C2N2O exhibits thermal and energy stability under ambient conditions.

It has a moderate indirect band gap of 2.3 eV (GGA) and 3.9 eV (HSE06).

The material shows significant optical absorption and very low thermal conductivity.

Abstract

DFT and AIMD are used to investigate the structural, stability, electronic, thermal, and optical properties of the quasi-2D C2N2O structure. The structure exhibits thermal and energy stability, signifying robustness under ambient conditions, however less dynamical stability is observed. The electronic structure investigation reveals that C2N2O displays semiconducting properties with a moderate indirect band gap resulting from the hybridisation of p-orbitals of N, C, and O atoms, with band gap values of 2.3 eV (GGA) and 3.9 eV (HSE06). The optical properties, including the dielectric function, optical conductivity, and refractive index, are thoroughly analyzed to clarify the electronic transitions. The material exhibits considerable optical absorption in the visible and ultraviolet spectrum, with notable anisotropy between in-plane and out-of-plane polarizations.
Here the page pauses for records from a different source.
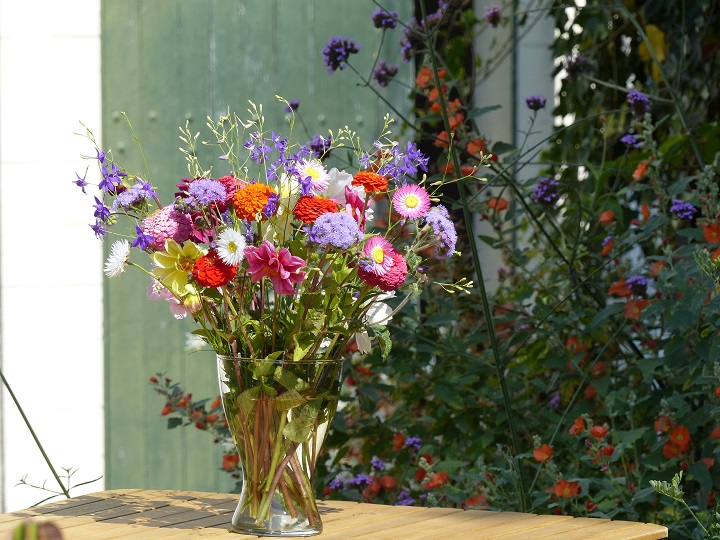 Bouquet champêtre pour jardin harassé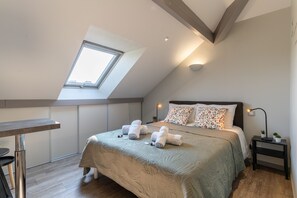 Studio (Premier étage ou Mansardé) | Soundproofing, iron/ironing board, free WiFi, bed sheets - Residence Croma (La Roche-Posay)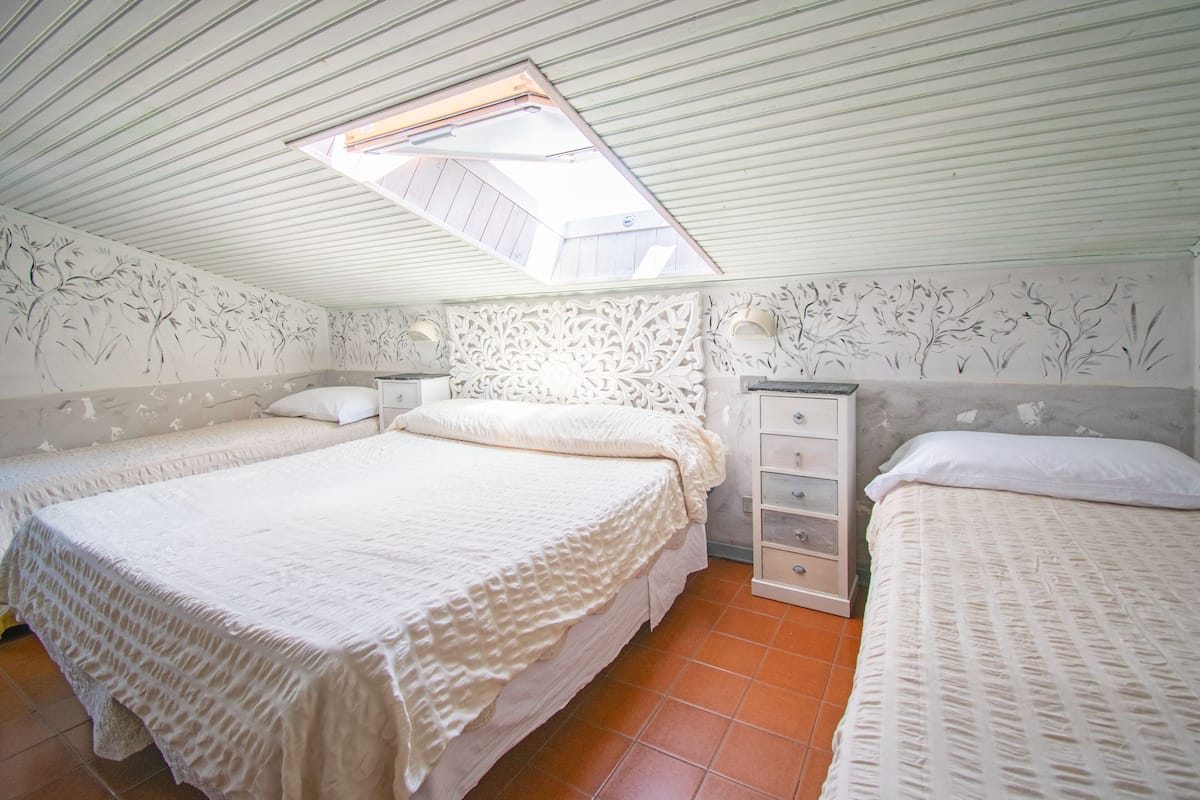 Driepersoonskamer, 1 slaapkamer | Een kluis op de kamer, een bureau, babybedden, gratis wifi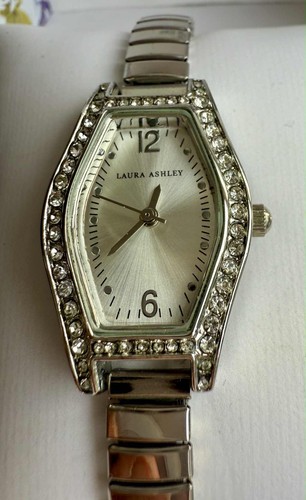 Laura ashley ladies - laura,
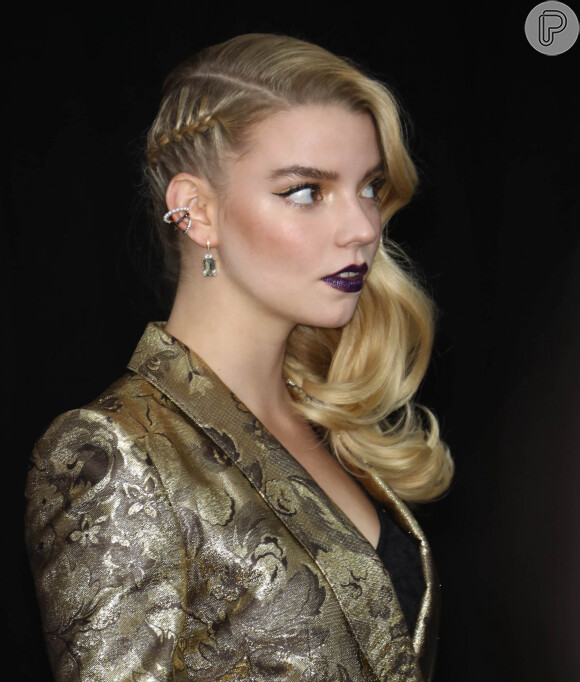 Foto: Na série 'O Gambito da Rainha', a atriz Anya Taylor-Joy interpreta a  enxadrista Beth Harmon - Purepeople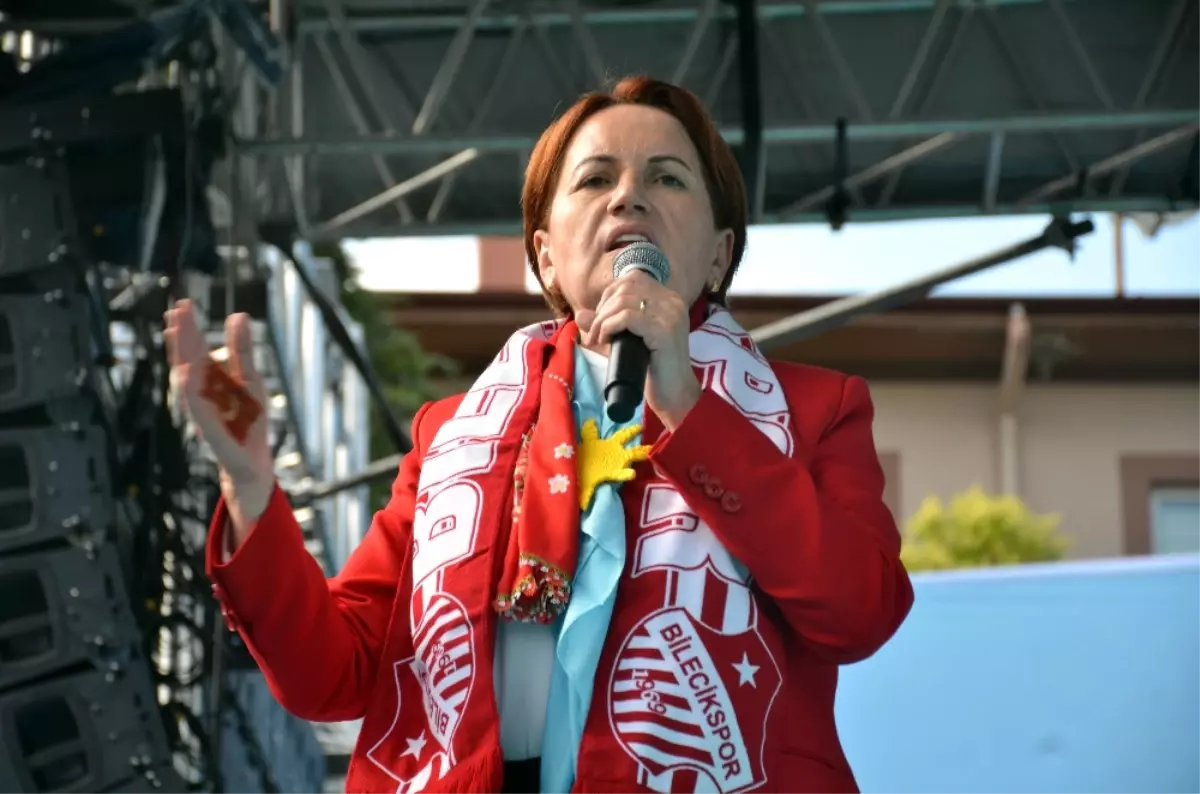 Akşener Bilecik\'te Halka Seslendi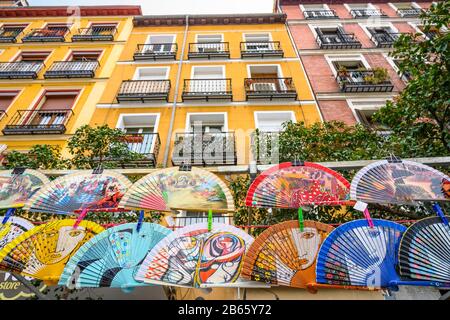 Bunte Fans auf dem Rastro Flohmarkt an der Calle de la Ribera de Curtidores zwischen La Latina und Embajadores, Madrid, Spanien. Stockfoto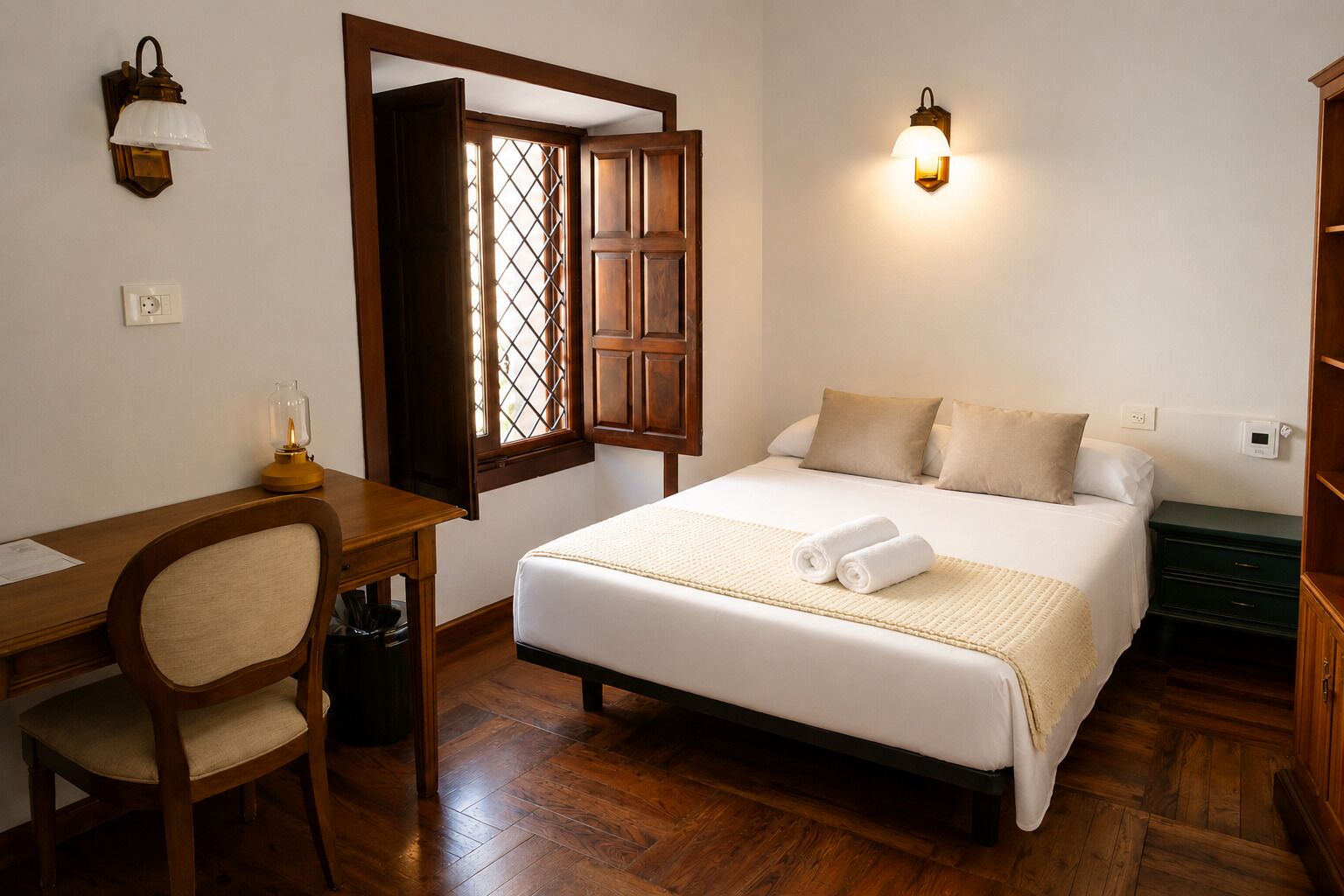 Camera con letto matrimoniale o 2 letti singoli | Una scrivania, postazione laptop, Wi-Fi gratuito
Furthermore, plasmon resonance occurs at around 3.8 eV, relating to the collective oscillations of charge carriers. The thermal properties indicate a heat capacity of around 382 J/mol.K at 300 K, which is close to and slightly above the standard Dulong-Petit limit for this structure, indicating near-complete excitation of lattice vibrational modes at room temperature. The lattice thermal conductivity is extremely low, reaching approximately 0.017 W/m.K at 300 K, primarily attributed to significant phonon scattering, evidenced by a scattering rate of roughly 3.2 1/ps in the phonon frequency ranges. The findings demonstrate that the C2N2O structure maintains structural stability while allowing for tunable electronic, optical, and thermal properties, making it a promising candidate for nanoscale optoelectronic and thermal control applications.